House Approves Six-Year Transportation Bill
by Veto-Proof Margin

The $275 billion House surface transportation bill known as the Transportation Equity Act: Legacy for Users (TEA LU) passed the House floor on April 2, 2004, by a vote of 357 to 65. The six-year TEA LU bill (H.R.3550) exceeds the White House limit on authorizations by $19 billion, although it is significantly less expensive than the Senate's $318 billion measure approved in February.

House and Senate conferees will meet after Congress' Spring recess to consider developing a final bill. Bush Administration officials maintain they will recommend a veto of any bill costing more than the President's $256 billion Safe Accountable Flexible and Efficient Transportation Equity Act (SAFETEA).

TEALU faced a number of amendments before its passage was complete, adopting 11 of them including a Floor Manager's amendment offered by bill author and House Transportation and Infrastructure Chair Don Young (AK).

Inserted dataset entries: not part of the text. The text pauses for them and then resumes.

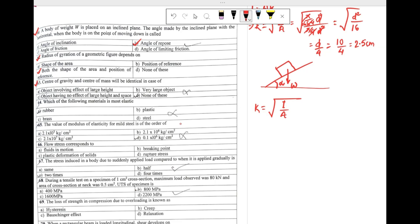The last question, number 63: center of gravity and center of mass will be identical in the case of — for symmetrical bodies having no effect of large height or space, center of gravity and center of mass lie at the same point. For unsymmetrical bodies, they may be different. So our answer is option C: object having no effect of large height and space. That's all for today — thank you for listening, see you in the next lecture.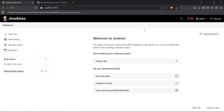Hi guys, welcome back to the channel. I'm going to show you how you can set up a Jenkins pipeline using Poll SCM for build scheduling. Poll SCM is a type of scheduling where builds get triggered once there's a change in a repository. It will continuously check your repository, and if it detects any changes, it will start the build. You can choose a schedule — for example, every one minute.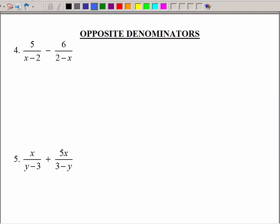What happens when we have opposite denominators? Notice that x minus 2 and 2 minus x are opposites, and y minus 3 and 3 minus y are opposites. So we don't have the same denominator, but with a little math magic you can make them the same. Since x minus 2 looks more normal, I'm going to make the other one look like that.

The Young amendment, passed by voice vote, made several changes to the bill including: altering the Revenue Aligned Budget Authority (RABA) trigger to base its adjustments on two year projections rather than one (as is provided in current law); the creation of a $125 million set aside from the Bridge program to fund seismic retrofit activities; the designation of a High Priority corridor running through Los Angeles, Orange, San Bernardino, and Riverside Counties (though funding totals remain unspecified); an increase in the number of member- requested High Priority projects; funding for a study on transit security and emergency preparedness in the 38 urbanized areas with populations of over 1 million people; and an increase in high speed rail development programs to $70 million per year from 2005 to 2012.

A series of other amendments were adopted for inclusion in the final bill. One by Rep. Mark Kennedy (MN) to permit highway tolls on new voluntary-use lanes until those lanes had raised enough toll-revenue to pay for themselves, was approved by a vote of 231 to 193. Another amendment giving single- occupancy hybrid vehicle drivers access to high occupancy vehicle lanes (HOV) without requiring states to charge tolls was offered by Rep. Adam Schiff (Burbank) and agreed to by voice vote.

TEALU maintains TEA-21's Minimum Guarantee (MG) formula, which required that each state receive back federal highway spending that totals a minimum of 90.5 percent of the gas and other road taxes attributable to the state. An amendment by Rep. Isakson (GA), which failed 170-254, sought to boost every state's MG funds by expanding the scope of the minimum guaranteed return of highway trust fund dollars to include high priority projects and the newly created projects of regional and national significance. (In the end, most California Members of Congress opposed the amendment.) A number of donor states such as California that pay more highway taxes than are received in federal highway funds had sought to increase the minimum return to 95 percent. The final House bill retains a "reopener provision," however, requiring Congress to revisit the issue of funding equity to states by the end of 2005 or risk a temporary stoppage of U.S. transportation spending.

TEA-21 expired on September 30, 2003, and stop gap measures have kept transportation programs in operation since then—the latest version is due to expire at the end of April 2004.